The omens don’t look good. The downfall of Carlos Ghosn over allegations of financial misconduct has opened up a Pandora’s Box of Franco-Japanese political hostility, grudges and pressure tactics — supposedly all in the name of “strengthening” the 20-year alliance. For all Ghosn’s flaws and delusions of grandeur, he did manage to balance the interests of two prickly Group of Seven economies in the highly sensitive auto sector (at least until he came a cropper). His successors will do well to last a fraction as long.
On the French side, Renault SA’s chairman Jean-Dominique Senard was parachuted in to rescue relations with Nissan Motor Co. after Ghosn’s arrest. But he’s failing to live up to his billing as a veteran captain of industry and diplomat’s son. First he tried to rush his Japanese counterparts into accepting a full Renault-Nissan merger. Then he tried and failed to get Nissan’s blessing for a tie-up with Fiat Chrysler Automobiles NV, an embarrassment for the French president Emmanuel Macron. Not a great start.
Having failed to win the Japanese around with blandishments, an increasingly desperate-looking Senard has reached for the stick. He’s now threatening to use Renault’s 43 percent stake in Nissan to block the latter’s attempt to shake up its corporate governance. This looks like more of a tactical play than any genuine desire to stall much-needed reforms at the Japanese carmaker, which is only now waking up to the need for separate remuneration, audit and nomination committees. But that won’t make it any more palatable to Tokyo.
Optically, it looks a lot like a Renault attempt to get more control over the new committees. Even if it works in forcing Nissan to the negotiating table to sort out other issues, it’s a mightily clumsy about-turn for a chairman who said in April that the Japanese would not respond well to “humiliation” tactics.
Still, Ghosn’s replacement at Nissan, CEO Hiroto Saikawa, is hardly covering himself in glory. Like Senard, he seems incapable of wielding power without looking weak. Nissan owns just 15 percent of Renault, so it’s at a disadvantage in terms of shareholdings. But if Saikawa was trying to take back control with his ousting of Ghosn and the governance changes, the limits have been laid bare this week.

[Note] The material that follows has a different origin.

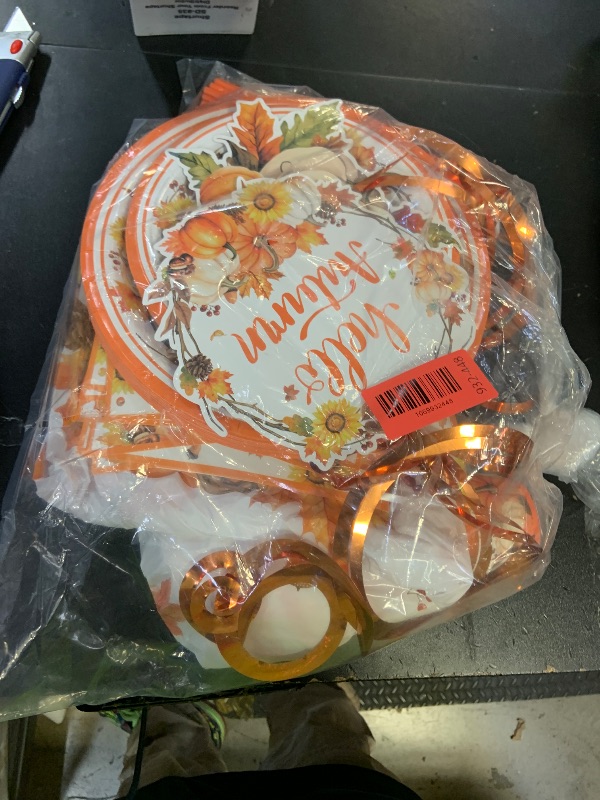 Photo 1 of 123PCS Autumn Party Supplies for Thanksgiving Themed Fall Pumpkin Decoration Tableware Set with Tablecloth and Banner Leaves Harvest Dessert Plates Napkins Cups Set for 20 Guests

Nissan will have an incredibly tough time pushing these reforms through without Renault’s support, a painful reminder of Saikawa’s constraints. The Japanese carmaker’s poor financial performance isn’t helping. Former Nissan executive Greg Kelly is also ratcheting up the pressure by accusing Saikawa of approving Ghosn’s pay structure.
Only now do we realize Ghosn’s skill — and maybe his good fortune — when it came to balancing the needs of two countries with a history of national pride and state interference in industry. Renault has a very big stake in Nissan, yes, but not majority control. In retrospect it’s remarkable that Ghosn was able to push a sickly Nissan into adopting truly revolutionary changes after the creation of the alliance: An end to cozy deals with historical suppliers, massive job cuts, and the ceding of control to non-Japanese executives.
To be fair to Senard and Saikawa, Ghosn’s personal empire-building and his ability to hoover up all the top jobs probably helped — at one point he was running Renault and Nissan simultaneously, as well as their alliance. Arguably too much power was concentrated in the hands of one man. But he’s clearly left a void, which has been filled by squabbling.
In response to Parisian meddling, Nissan has woken up to its own ability to pressure the French even with a smaller stake. These power games are very risky for both firms given the economic benefits offered by the alliance, something that’s doubly important now that the auto industry is facing the epochal challenge of the death of the combustion engine and the possible decline of car ownership.
Bankers are still confident that the partnership will survive. But the distrust that is setting in, as well as the lack of leadership, portends a long-term weakening.
Lionel Laurent is a Bloomberg Opinion columnist covering Brussels.